The Durango leg of the expedition really brought home many of the points we had been learning.  We heard from a variety of stakeholders about the Gold King Mine spill into the Animas River.  Representatives from Trout Unlimited, the Mountain Studies Institute, San Juan Citizens Alliance, Southwest Water Conservation District, and the Ship Rock Farming Board talked about the spill, the response within the community, and sampling that allowed them to track the damage to the river.  They talked about the number of mines at risk of a massive spill, mines that are already leaking contaminants into the river.  They discussed the potential of a Superfund, the pros and cons, and about the alternative clean up efforts led by Good Samaritan groups.

On our way back to Aspen, we flew back over the jagged peaks of the Rockies and saw the first signs of the snowpack beginning.  We saw the grandeur of the natural system- snowfall to snowpack to streams to rivers.  It’s a system that’s threatened by rising temperatures, with snow falling instead as rain, and snowpack melting earlier in spring.

Then we landed in Aspen and heard from Jim Pokrandt from the Colorado River District who summed his message succinctly: lawns or agriculture, how do we want to use our water?  It’s a simple message and one you can remember to share.  Yet, even this isn’t what we’re asking of you.

Additionally, we valued the deeper perspectives from the Navajo leaders we met.  First, we learned from Northern Arizona graduate student Deon Ben, that the land we were visiting wasn’t part of a reservation, his people’s home is the Navajo Nation, and their voices should be heard as such.  We heard from Sam Minkler as he reminded us that his people learned to thrive in this arid region for 4000 years and were only recognized by this country in the 1930s.  He passionately cried out about the things we’re doing to the earth, he said, it shouldn’t be this way.  We heard from Jo Bend the leader of the Ship Rock Farm Board that water is life, it’s the thing that makes this planet inhabitable and we have to protect it.

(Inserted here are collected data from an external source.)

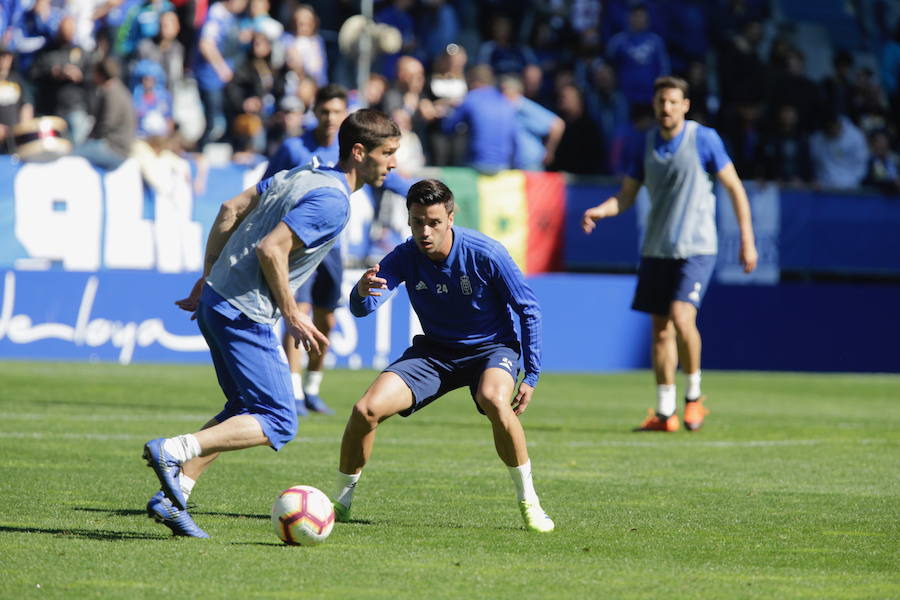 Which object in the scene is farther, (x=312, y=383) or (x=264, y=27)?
(x=264, y=27)

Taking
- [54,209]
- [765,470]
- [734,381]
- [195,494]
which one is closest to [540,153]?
[734,381]

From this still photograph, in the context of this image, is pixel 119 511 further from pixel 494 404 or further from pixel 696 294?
pixel 696 294

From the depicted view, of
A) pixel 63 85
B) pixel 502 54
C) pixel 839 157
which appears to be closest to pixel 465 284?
pixel 63 85

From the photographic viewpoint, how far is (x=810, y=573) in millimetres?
6223

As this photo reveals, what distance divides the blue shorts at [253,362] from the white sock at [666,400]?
18.5 ft

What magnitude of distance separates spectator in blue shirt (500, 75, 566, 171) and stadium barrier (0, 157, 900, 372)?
0.78 m

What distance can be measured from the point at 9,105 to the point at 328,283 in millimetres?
8043

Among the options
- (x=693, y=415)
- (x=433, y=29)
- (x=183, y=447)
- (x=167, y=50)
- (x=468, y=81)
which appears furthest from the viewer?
(x=433, y=29)

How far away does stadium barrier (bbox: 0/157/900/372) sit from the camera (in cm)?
1814

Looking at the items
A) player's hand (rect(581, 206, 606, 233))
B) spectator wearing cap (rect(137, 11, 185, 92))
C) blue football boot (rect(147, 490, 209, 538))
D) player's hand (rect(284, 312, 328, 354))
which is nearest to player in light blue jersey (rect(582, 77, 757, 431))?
player's hand (rect(581, 206, 606, 233))

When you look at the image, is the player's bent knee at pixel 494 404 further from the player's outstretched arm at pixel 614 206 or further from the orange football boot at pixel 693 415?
the orange football boot at pixel 693 415

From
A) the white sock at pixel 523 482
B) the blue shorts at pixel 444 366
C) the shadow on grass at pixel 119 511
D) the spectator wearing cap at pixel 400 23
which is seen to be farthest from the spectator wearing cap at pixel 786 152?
the shadow on grass at pixel 119 511

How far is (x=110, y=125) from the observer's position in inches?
735

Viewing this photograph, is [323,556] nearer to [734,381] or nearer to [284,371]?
[284,371] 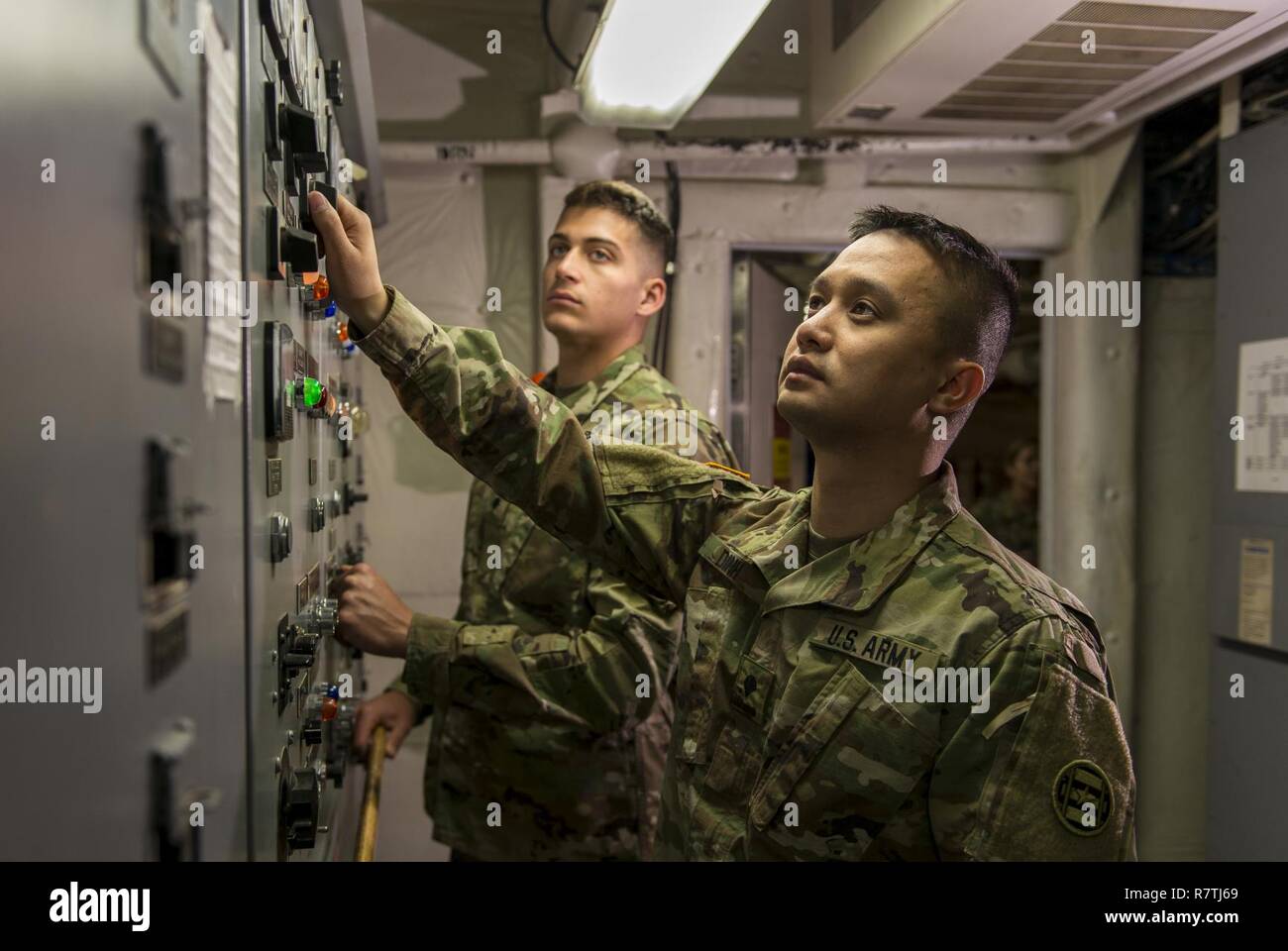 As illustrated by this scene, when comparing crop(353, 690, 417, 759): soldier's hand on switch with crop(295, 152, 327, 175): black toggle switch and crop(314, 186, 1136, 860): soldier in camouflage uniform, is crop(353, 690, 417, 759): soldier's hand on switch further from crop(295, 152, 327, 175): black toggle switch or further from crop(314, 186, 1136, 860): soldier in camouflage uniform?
crop(295, 152, 327, 175): black toggle switch

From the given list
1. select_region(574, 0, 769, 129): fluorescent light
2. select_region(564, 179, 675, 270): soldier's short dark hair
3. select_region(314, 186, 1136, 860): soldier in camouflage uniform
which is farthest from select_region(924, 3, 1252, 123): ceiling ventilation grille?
select_region(314, 186, 1136, 860): soldier in camouflage uniform

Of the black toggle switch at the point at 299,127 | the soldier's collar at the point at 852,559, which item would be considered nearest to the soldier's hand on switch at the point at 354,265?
the black toggle switch at the point at 299,127

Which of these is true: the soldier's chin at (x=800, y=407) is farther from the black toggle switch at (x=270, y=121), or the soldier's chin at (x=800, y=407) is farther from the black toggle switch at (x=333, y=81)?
the black toggle switch at (x=333, y=81)

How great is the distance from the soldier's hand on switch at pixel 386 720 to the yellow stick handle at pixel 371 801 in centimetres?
2

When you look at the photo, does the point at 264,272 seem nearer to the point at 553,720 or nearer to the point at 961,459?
the point at 553,720

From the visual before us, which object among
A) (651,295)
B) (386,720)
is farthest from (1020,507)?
(386,720)

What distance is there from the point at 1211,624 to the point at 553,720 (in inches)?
67.6

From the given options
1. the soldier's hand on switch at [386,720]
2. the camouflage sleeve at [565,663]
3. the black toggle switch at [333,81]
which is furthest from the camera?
the soldier's hand on switch at [386,720]

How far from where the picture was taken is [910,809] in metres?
1.10

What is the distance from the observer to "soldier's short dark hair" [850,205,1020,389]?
4.01ft

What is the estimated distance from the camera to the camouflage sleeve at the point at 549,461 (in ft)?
4.00

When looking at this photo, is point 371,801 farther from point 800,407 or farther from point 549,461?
point 800,407

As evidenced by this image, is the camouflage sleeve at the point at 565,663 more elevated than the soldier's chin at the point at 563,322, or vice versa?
the soldier's chin at the point at 563,322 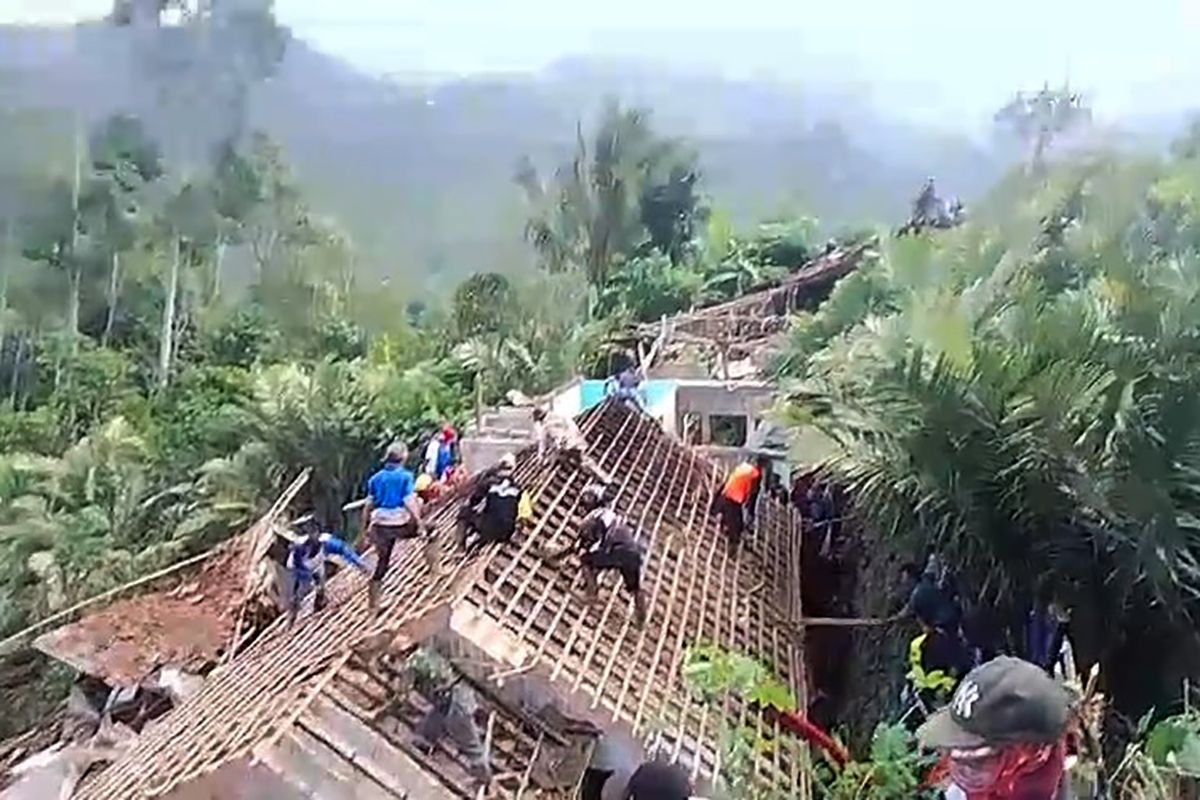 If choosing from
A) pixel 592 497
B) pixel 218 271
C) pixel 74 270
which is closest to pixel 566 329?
pixel 74 270

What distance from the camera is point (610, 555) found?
6762 mm

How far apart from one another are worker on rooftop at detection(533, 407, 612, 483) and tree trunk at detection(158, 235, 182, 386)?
1670 centimetres

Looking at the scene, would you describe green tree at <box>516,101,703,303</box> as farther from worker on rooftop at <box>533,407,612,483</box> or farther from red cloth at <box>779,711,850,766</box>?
red cloth at <box>779,711,850,766</box>

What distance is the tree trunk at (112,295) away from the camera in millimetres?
25469

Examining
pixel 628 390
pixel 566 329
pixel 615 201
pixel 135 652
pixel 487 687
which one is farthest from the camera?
pixel 615 201

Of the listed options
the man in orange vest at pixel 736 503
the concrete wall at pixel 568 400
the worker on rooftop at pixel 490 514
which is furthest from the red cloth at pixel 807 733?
the concrete wall at pixel 568 400

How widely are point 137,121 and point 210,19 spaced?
6408 mm

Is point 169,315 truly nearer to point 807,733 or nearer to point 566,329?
point 566,329

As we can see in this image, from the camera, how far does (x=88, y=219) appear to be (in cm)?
2484

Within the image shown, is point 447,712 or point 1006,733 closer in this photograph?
point 1006,733

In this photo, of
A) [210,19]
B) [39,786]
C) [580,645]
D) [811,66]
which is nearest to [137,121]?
[210,19]

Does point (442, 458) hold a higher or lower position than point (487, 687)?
lower

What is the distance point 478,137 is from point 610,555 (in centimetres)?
6556

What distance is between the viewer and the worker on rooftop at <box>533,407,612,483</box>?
866cm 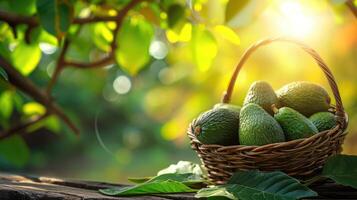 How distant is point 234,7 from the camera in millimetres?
822

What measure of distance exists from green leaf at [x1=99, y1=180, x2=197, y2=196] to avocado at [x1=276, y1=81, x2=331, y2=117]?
8.0 inches

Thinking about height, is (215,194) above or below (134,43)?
below

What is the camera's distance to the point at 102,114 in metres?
4.73

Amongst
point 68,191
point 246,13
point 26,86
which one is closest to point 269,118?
point 246,13

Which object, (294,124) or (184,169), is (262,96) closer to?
(294,124)

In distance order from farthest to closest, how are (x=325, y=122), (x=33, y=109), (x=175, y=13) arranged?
1. (x=33, y=109)
2. (x=175, y=13)
3. (x=325, y=122)

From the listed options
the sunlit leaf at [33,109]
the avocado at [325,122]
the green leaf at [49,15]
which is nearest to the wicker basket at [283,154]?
the avocado at [325,122]

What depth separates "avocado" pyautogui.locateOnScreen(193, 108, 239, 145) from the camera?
0.84 m

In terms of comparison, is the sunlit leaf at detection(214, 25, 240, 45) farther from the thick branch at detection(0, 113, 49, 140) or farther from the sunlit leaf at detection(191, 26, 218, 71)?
the thick branch at detection(0, 113, 49, 140)

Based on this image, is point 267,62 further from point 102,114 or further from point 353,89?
point 102,114

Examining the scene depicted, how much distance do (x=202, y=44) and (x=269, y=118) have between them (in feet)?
1.08

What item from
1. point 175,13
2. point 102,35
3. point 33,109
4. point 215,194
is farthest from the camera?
point 33,109

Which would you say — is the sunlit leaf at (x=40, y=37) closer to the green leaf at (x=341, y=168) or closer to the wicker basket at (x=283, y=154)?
the wicker basket at (x=283, y=154)

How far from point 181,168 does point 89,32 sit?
1.76 ft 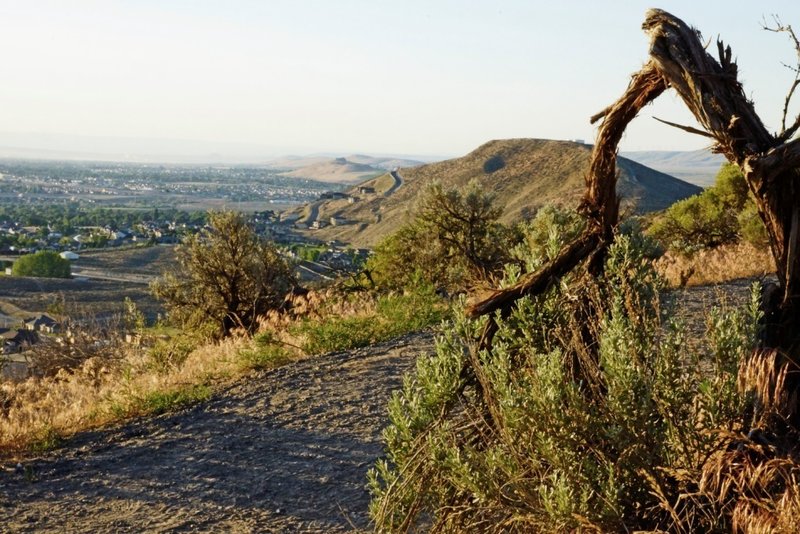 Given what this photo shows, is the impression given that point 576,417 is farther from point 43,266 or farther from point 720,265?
point 43,266

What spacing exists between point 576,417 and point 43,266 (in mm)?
66182

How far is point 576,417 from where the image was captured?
11.2ft

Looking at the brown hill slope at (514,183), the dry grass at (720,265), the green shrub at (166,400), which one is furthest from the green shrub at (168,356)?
the brown hill slope at (514,183)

So Roaring Fork High School students, this is our request: that you will consider the intrinsic value of water.  That you ponder if water is sacred.  And when you turn on your faucet or drink from a fountain that you will know you are privileged, that you are enjoying something the majority of the world lives without.  We ask that as you consider that value, that you also learn about the challenges facing our water supply.  We ask that in your valuation you might look for ways to engage your local watershed, knowing the entire basin is connected by the Colorado River.